If Seattle voters reject a tunnel, the fight will be on: a new viaduct or a transit-surface solution?

(Editor's note: Jordan Royer is an endorser of the pro-tunnel campaign and made a contribution at an event. His pro-tunnel position is well known to regular readers of Crosscut, and The Seattle Times for that matter, but the editor handling the story wasn't aware of the campaign-related activity and failed to ask. Protect Seattle Now leaders have taken issue with this story; the statement from Esther Handy is in the comments.)

If,  as they say, politics makes strange bedfellows, then no stranger couple  exists in Seattle than the two organizations who oppose replacing the  Alaskan Way Viaduct with a deep  bore tunnel and a surface boulevard.

The  tunnel opponents are not united in a solution.  Rather, they acknowledge they are united in tunnel opposition only,  while keeping their powder dry for the  real fight that comes later if and when the tunnel is scrapped. The  Sierra Club faction, led by Seattle Mayor Mike McGinn, wants a four-lane waterfront street, transit, and improvements to Interstate 5 to replace the Viaduct.  The other faction, led by Magnolia activist  and one-time candidate for mayor, Elizabeth Campbell, wants to build a  new elevated structure.

While  they know they may have to fight each other tooth and nail tomorrow,  today they are warmly in bed together to stop the tunnel with a vote against city Referendum 1 on the August primary ballot.

Partly  because the engineering aspects and the merits of various viaduct  replacement schemes have been so thoroughly debated over the past 10  years, I have grown more interested  in the politics and campaign strategies that may say a lot about how  our city makes or does not make decisions about how we choose to grow in the future.

When Protect Seattle Now campaign manager Esther Handy and People’s Waterfront Coalition  leader Cary Moon visited a pizza lunch with Crosscut writers the other  day, I asked about these issues directly.  In particular, I wanted to know what would happen the “day after  tomorrow” if the tunnel project was defeated and the contractors left  town.

Moon said there would be support in   Olympia for a surface/transit/I-5 option  and there would need to be a new process developed. When pressed for  names of supporters in Olympia or even any local elected officials, save  for McGinn  and Seattle City Councilmember Mike O’Brien, she didn't offer any names.

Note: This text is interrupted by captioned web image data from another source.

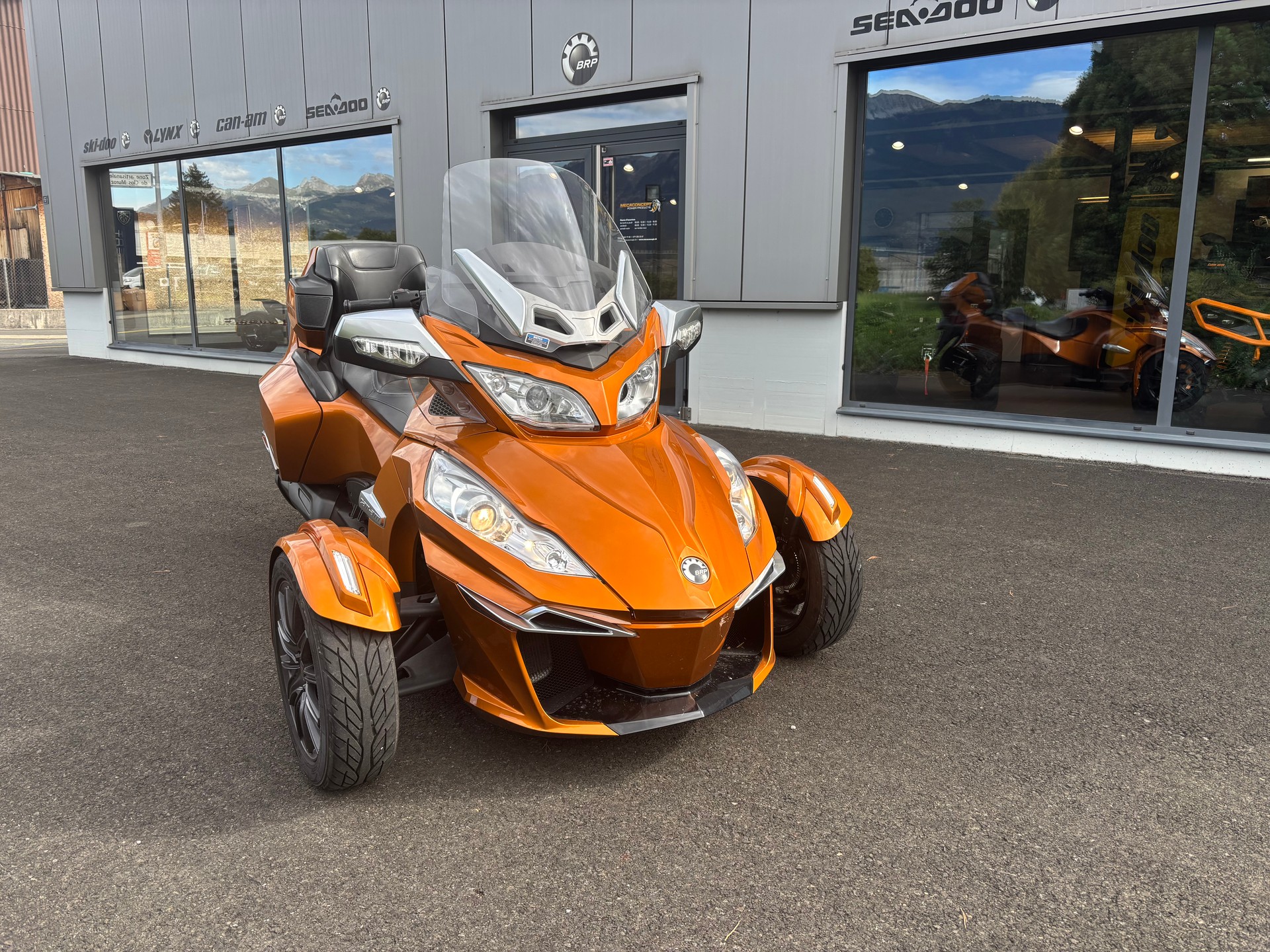 CAN-AM Spyder RT-S SE6-image-8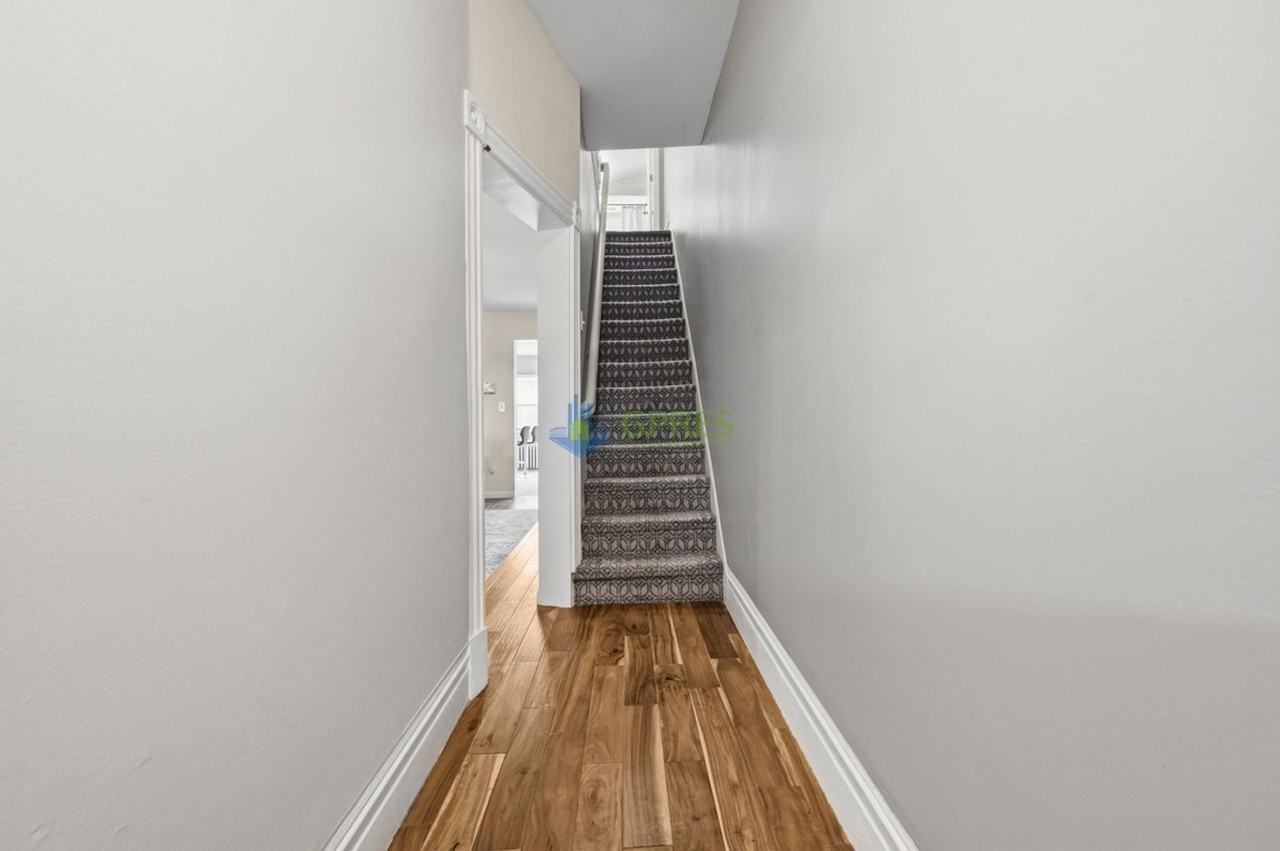459 Pearl St - Photo 5 of 12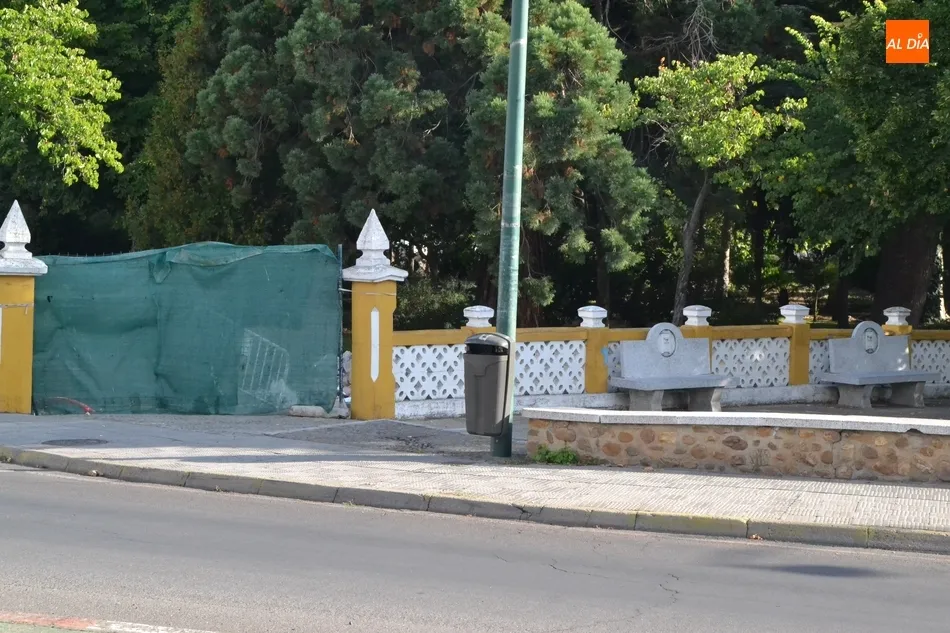 Foto 2 - Derribados los urinarios del Parque de La Florida  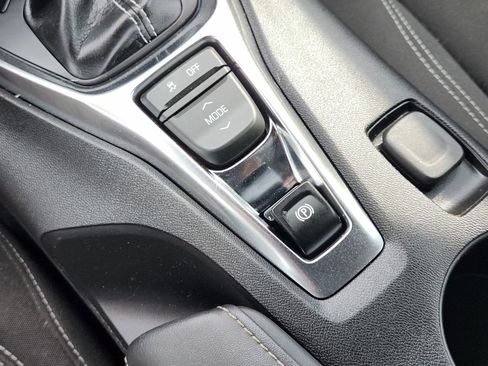 Used 2021 Chevrolet Camaro LT w/ RS Package image 23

She  did say that people aren’t speaking their minds now because they feel  “intimidated” by the status quo leaders in business and labor. After the  defeat, people would feel much  freer to speak their minds.

Then she was asked about the part of her coalition that supports a new elevated structure. Won’t they fight to have their option funded in Olympia? Moon described this group as mostly older, and even though they may  complain a lot, they don’t have much political power. She finished  them off by saying they want to “go back to the seventies.” One has to  wonder what the “new elevateds” — "The Brady Bunch"? — are saying about  McGinn, Moon, and the Sierra Club.

So  will the fragile anti-tunnel coalition be able to work together, given  some apparently frosty cross-generational realities? Will the coalition  strategy of simply fanning the flames  against tolling and fear of the unknown produce a reverberating no on  Referendum 1 in August, sending a signal to Olympia to change course? And what happens  then? Will "That 70's Show" — Let’s Rebuild the Viaduct — make a  retro-appearance, like the Mariners’ old uniforms? Or will the leaders of  the Legislature’s transportation committees decide that we should rethink the whole  process and start the planning all over again?

Beyond the saying about strange bedfellows, another old political saw may have meaning for this odd couple fighting the tunnel: “The lion may lie down with the lamb, but the lamb won’t get much sleep.”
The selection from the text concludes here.